We adopt a similar approach to that proposed in [26]. We generate, for each dataset, a heterogeneous ensemble of 200 models (classifiers) containing:

  • 60 Kppv: with 22 values for K ranging from 1 to the size of the training sample. Three weighting methods are applied: no weighting, inverse weighting and similarity weighting;

  • 110 SVM: we use 10 values for the complexity parameter {10−7, 10−6, 10−5, 10−4, 10−3, 10−2, 0.1, 1, 10, 100}, and 10 different kernels (2 polynomials of degree 2 and 3 and, 8 radial with gamma ∈ {0.001, 0.005, 0.01, 0.05, 0.1, 0.5, 1, 2};

  • 2 naive bayes: one model is built with the default parameters and another with a kernel estimate;

  • 4 decision trees: two values are used for the confidence factor {0.25, 0.5};

  • 24 MLPs with a single hidden layer containing 6 neurons.

For each dataset, the generation of the ensemble (composed of 200 models) is repeated 10 times and the majority vote is used for the combination of the different models.

In Table 2, we give the performance results or success rates obtained (calculated on an average of 10 iterations for each dataset) on the 8 datasets. Comparisons are made between the Initial ensemble EI, the method EMnGA, and FES [26].

Table 2. Success rates obtained respectively by EI, EMnGA and FES for the 8 datasets

The EMnGA method gives better performance compared to FES on 5 of the 8 datasets, with improvements ranging from 0.5% to 10.92%. FES is doing better than the proposed method on 3 dataset with improvements of 0.45% for kr-vs-kp and segment, and 1.27% for tick-to-toe. On average, across all datasets, EMnGA improves the performance of FES by 3% and the initial ensemble EI by 12% (Table 3).
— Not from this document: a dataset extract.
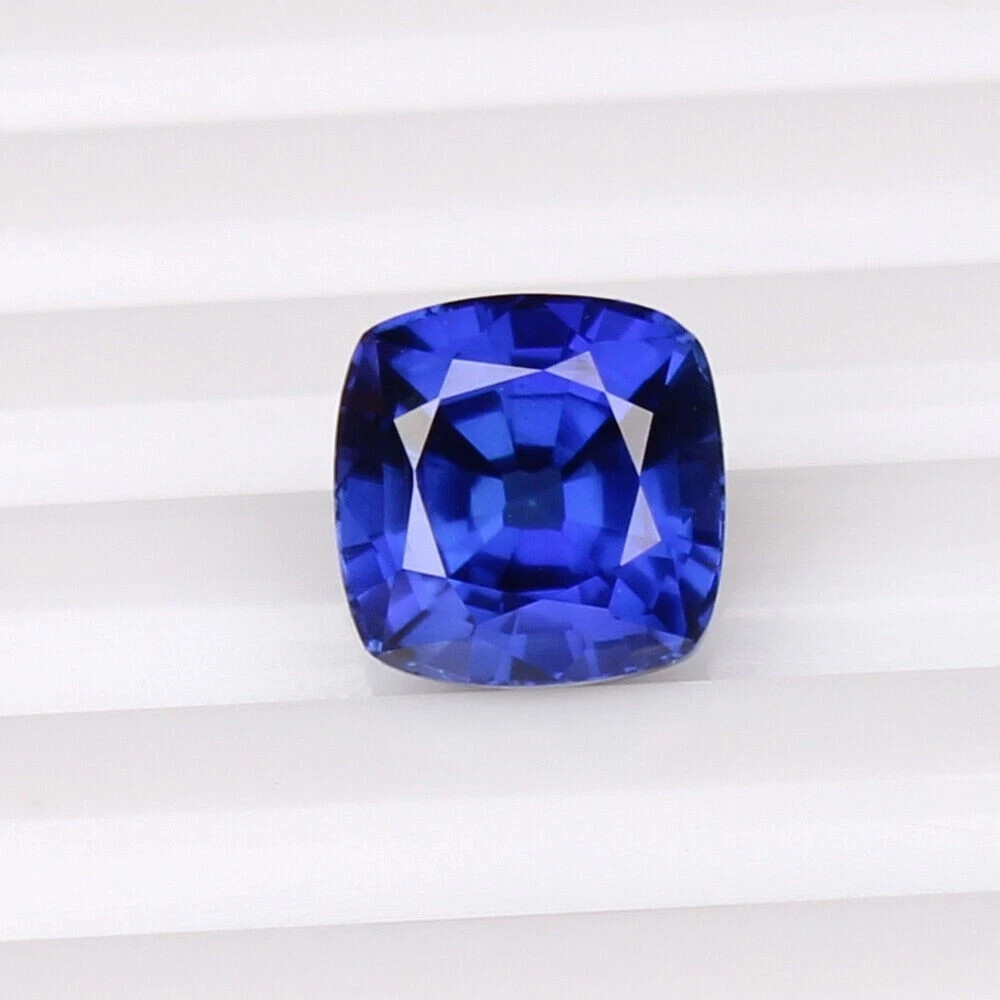 14.30 CT Royal Blue Natural Ceylon Sapphire Cushion Cut Certified Loose Gemstone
Table 3. Sizes of ensembles obtained by EMnGA and FES on the 8 datasets

We note that FES method generate ensembles with reduced sizes in 6 cases among the 8 with reductions ranging from 0.2 to 2.3. EMnGA reduces the size of the credit-g and tick-to-toe datasets by 0.1 and 1.8, respectively. On average, on the 8 datasets, FES allows a reduction of 0.5 compared to EMnGA.

5 Conclusion and Future Work

In this paper we proposed an ensemble selection method using diversity based entropy measurement combined to a genetic algorithm based strategy search. The proposed method was compared with the FES method [27] which uses a forward selection course for heterogeneous ensembles. Based on the comparison made against the criteria of performance and size of the ensemble generated, we have observed that the EMnGA method generate larger ensembles in most cases compared to FES due mainly to the strategy search method used to explores more possibilities but gives better performance.

In future work, we will compare the measure with other methods in the literature using other search strategies and will use more datasets in order to formally validate our results with appropriate statistical tests. We will also experience a measure based on diversity and performance in order to see the impact of jointly using both criteria. Finally, we intend to apply the EMnGA method in random forest ensemble simplification.